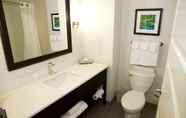 In-room Bathroom 6 Holiday Inn Hotel & Suites Red Deer South, an IHG Hotel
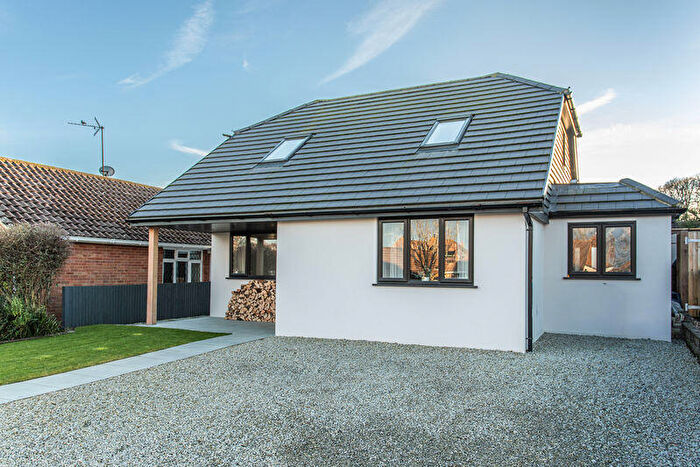 4 Bedroom Chalet For Sale In Lagwood Close, Hassocks, BN6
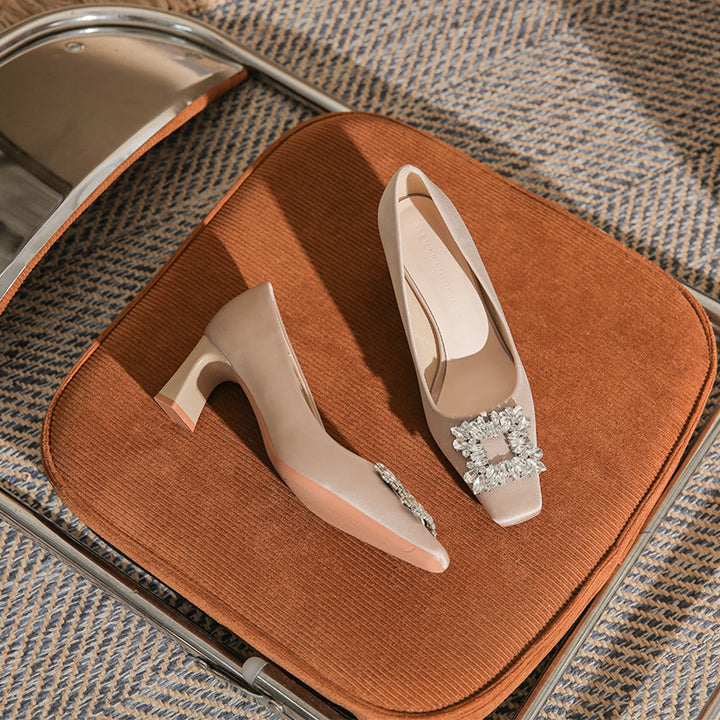 square-toe block heels with crystal buckle – AURORZAM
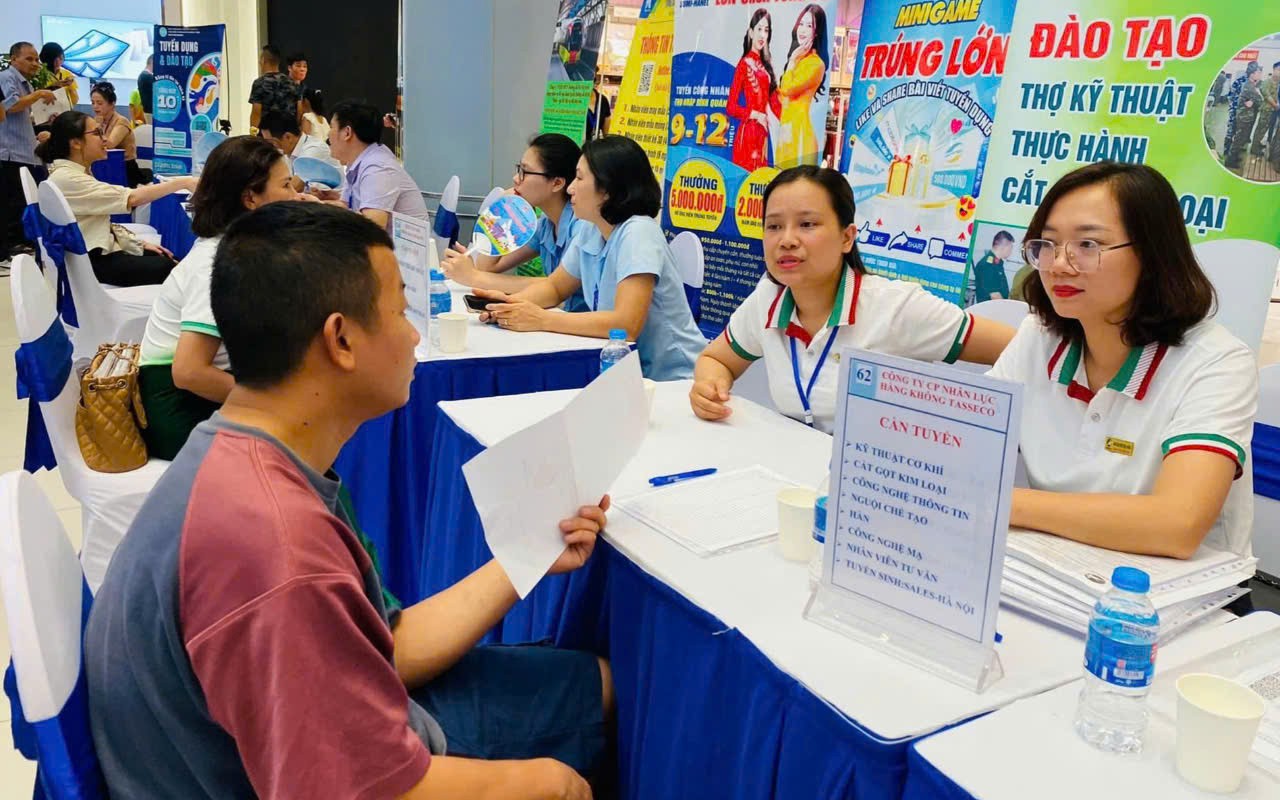 Chế độ với hiệu trưởng, hiệu phó dôi dư muốn nghỉ việc- Ảnh 2.
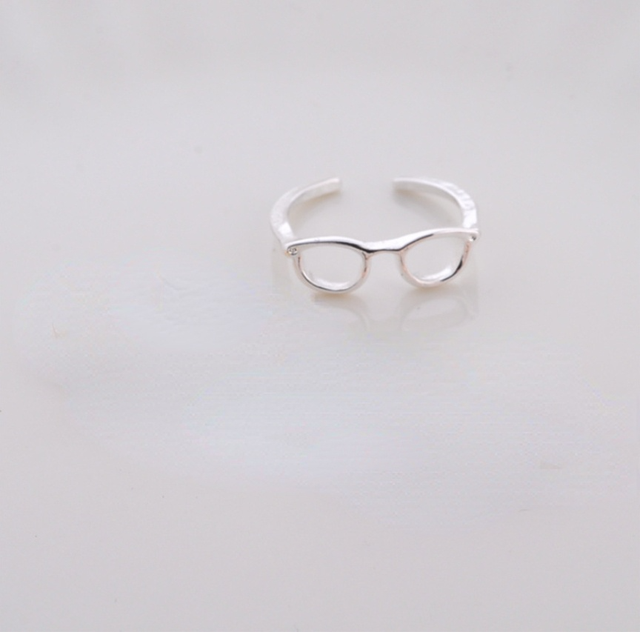 Adjustable minimalist ring for glasses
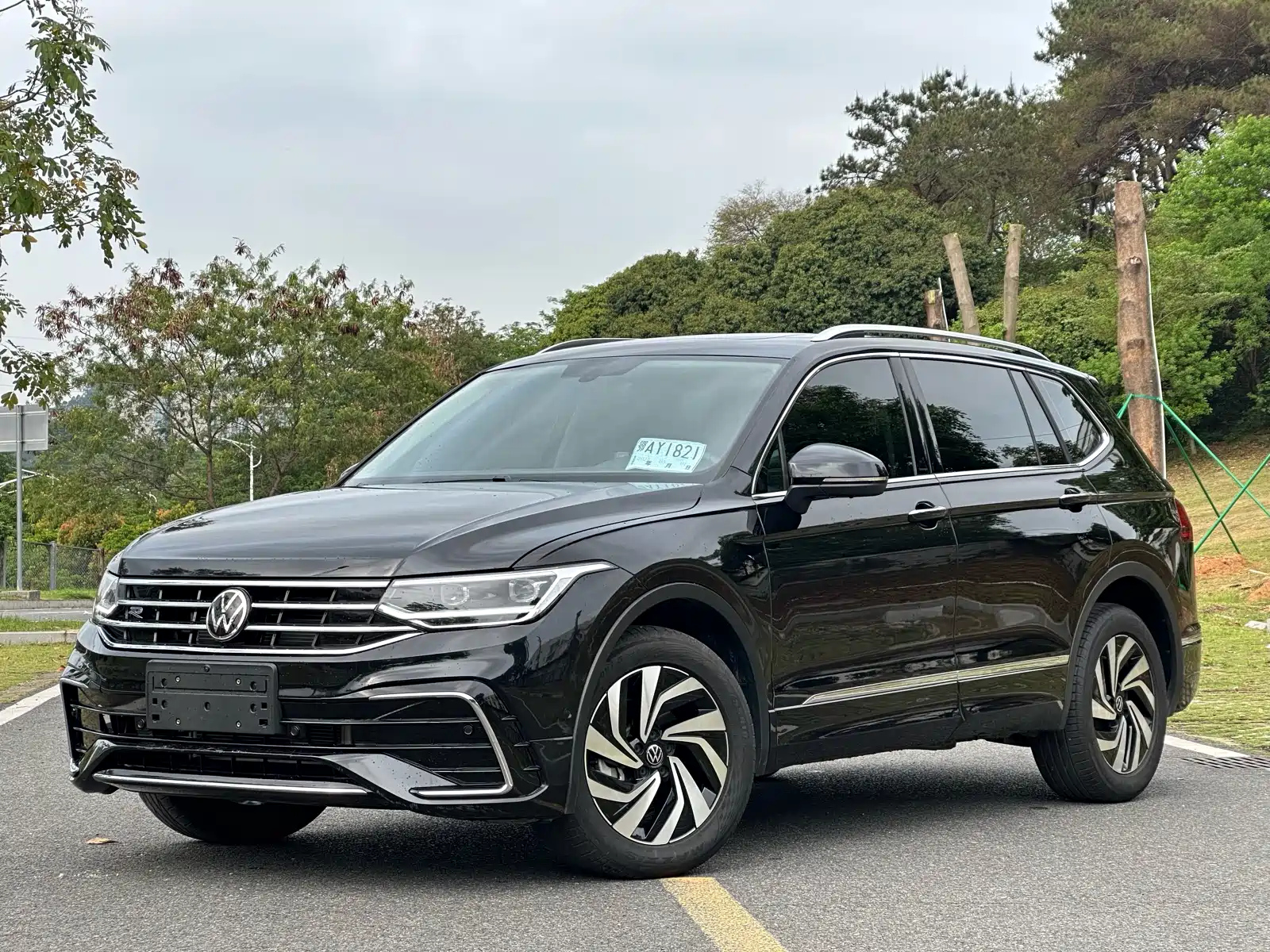 VOLKSWAGEN TIGUAN L 2024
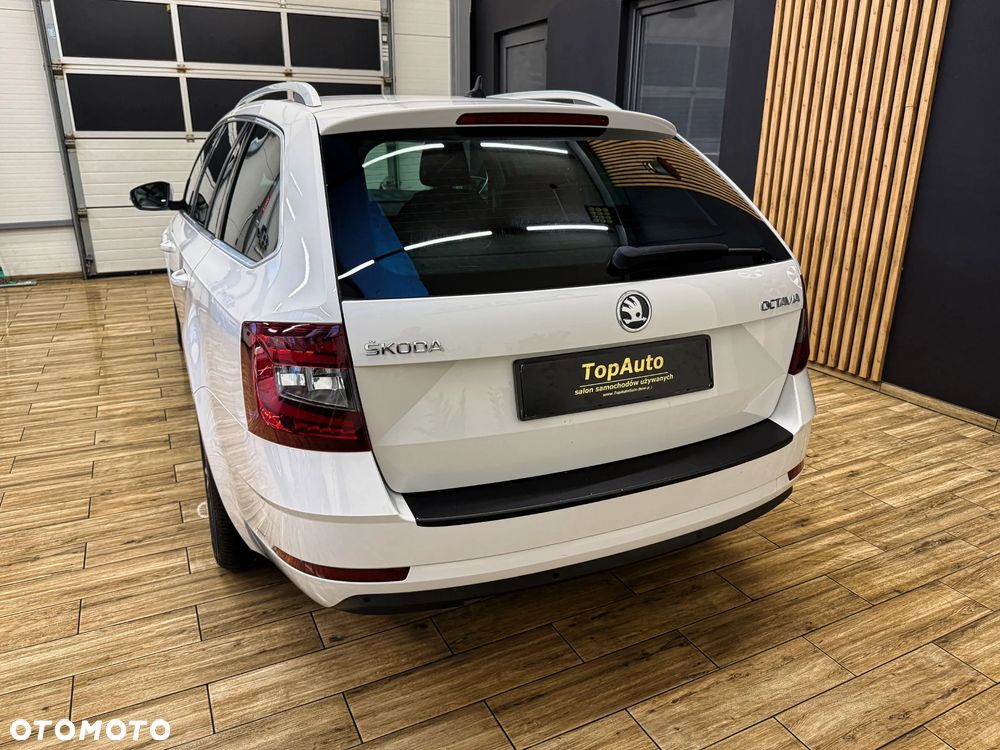 Skoda Octavia 2.0 TDI DSG Style - 9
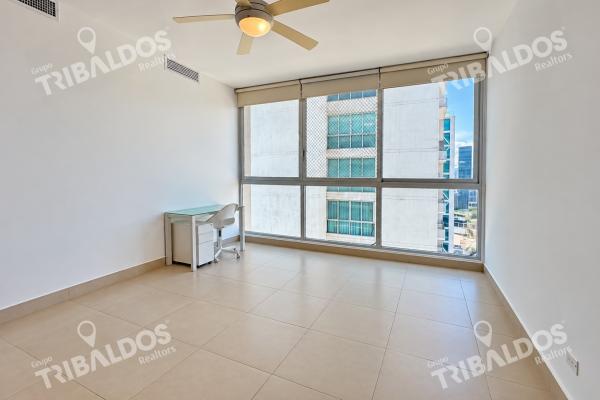 Oceanfront apartment for sale | 204 m2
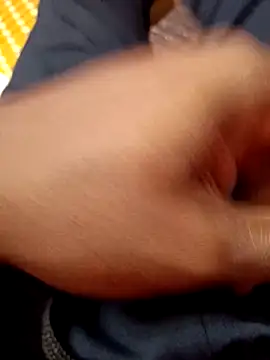 Snapshot of dolphiinn chatting on 12-03-25, 01:53 dolphiinn online show from 12-03-25, 01:53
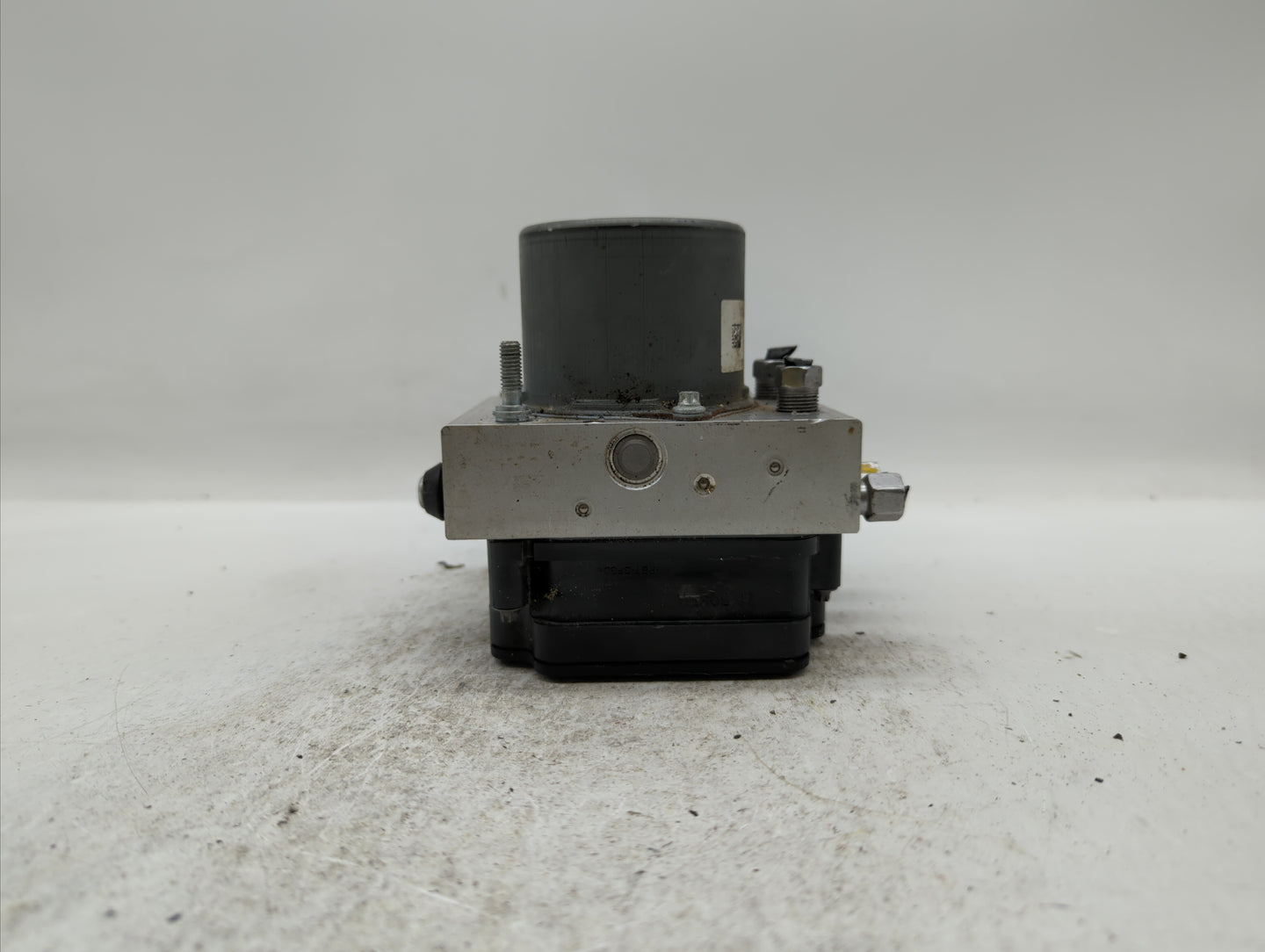 2018 Dodge Caravan ABS Pump Control Module Replacement P/N:68183803AC P68183803AC, 68443867AA Fits Fits 2015 2016 2017 OEM U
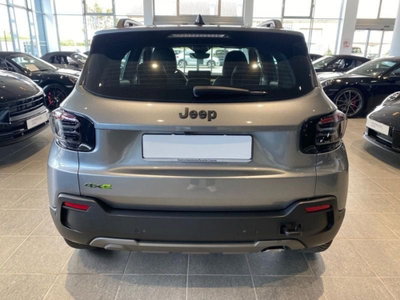Jeep Avenger 1.2 turbo e-hybrid mhev Upland 4xe 145cv edct6 (7)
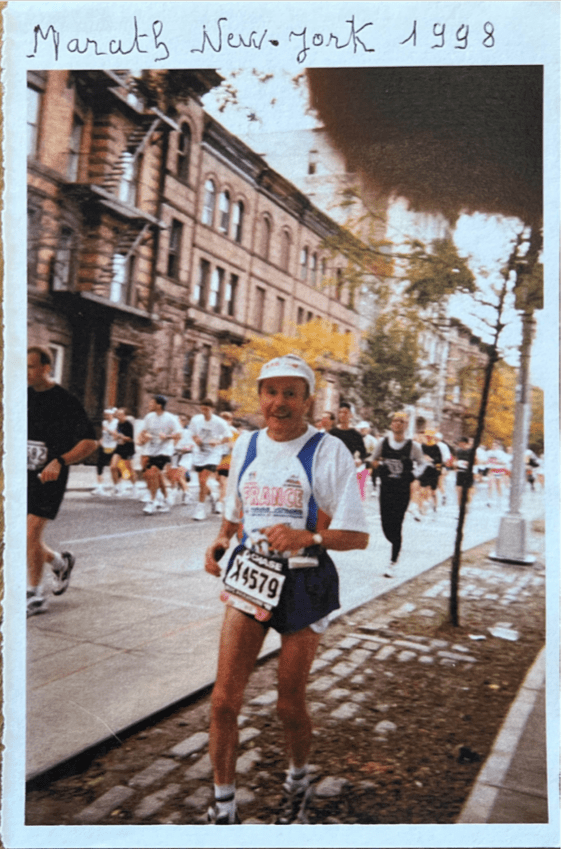 découvrez l'histoire inspirante d'un grand-père de 83 ans passionné de marathons, prouvant que la détermination et l'endurance n'ont pas d'âge.
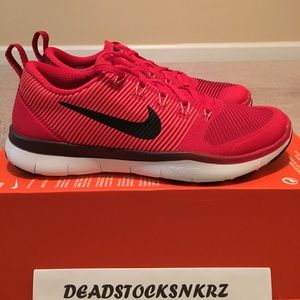 Nike Free Train Versatility "University Red/Black"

Instructions for the task →
Exact copy, no pictures: reproduce the whole listing above.

Task answer →
 In-room Bathroom 6 Holiday Inn Hotel & Suites Red Deer South, an IHG Hotel
 4 Bedroom Chalet For Sale In Lagwood Close, Hassocks, BN6
 square-toe block heels with crystal buckle – AURORZAM
 Chế độ với hiệu trưởng, hiệu phó dôi dư muốn nghỉ việc- Ảnh 2.
 Adjustable minimalist ring for glasses
 VOLKSWAGEN TIGUAN L 2024
 Skoda Octavia 2.0 TDI DSG Style - 9
 Oceanfront apartment for sale | 204 m2
 Snapshot of dolphiinn chatting on 12-03-25, 01:53 dolphiinn online show from 12-03-25, 01:53
 2018 Dodge Caravan ABS Pump Control Module Replacement P/N:68183803AC P68183803AC, 68443867AA Fits Fits 2015 2016 2017 OEM U
Jeep Avenger 1.2 turbo e-hybrid mhev Upland 4xe 145cv edct6 (7)
 découvrez l'histoire inspirante d'un grand-père de 83 ans passionné de marathons, prouvant que la détermination et l'endurance n'ont pas d'âge.
 Nike Free Train Versatility "University Red/Black"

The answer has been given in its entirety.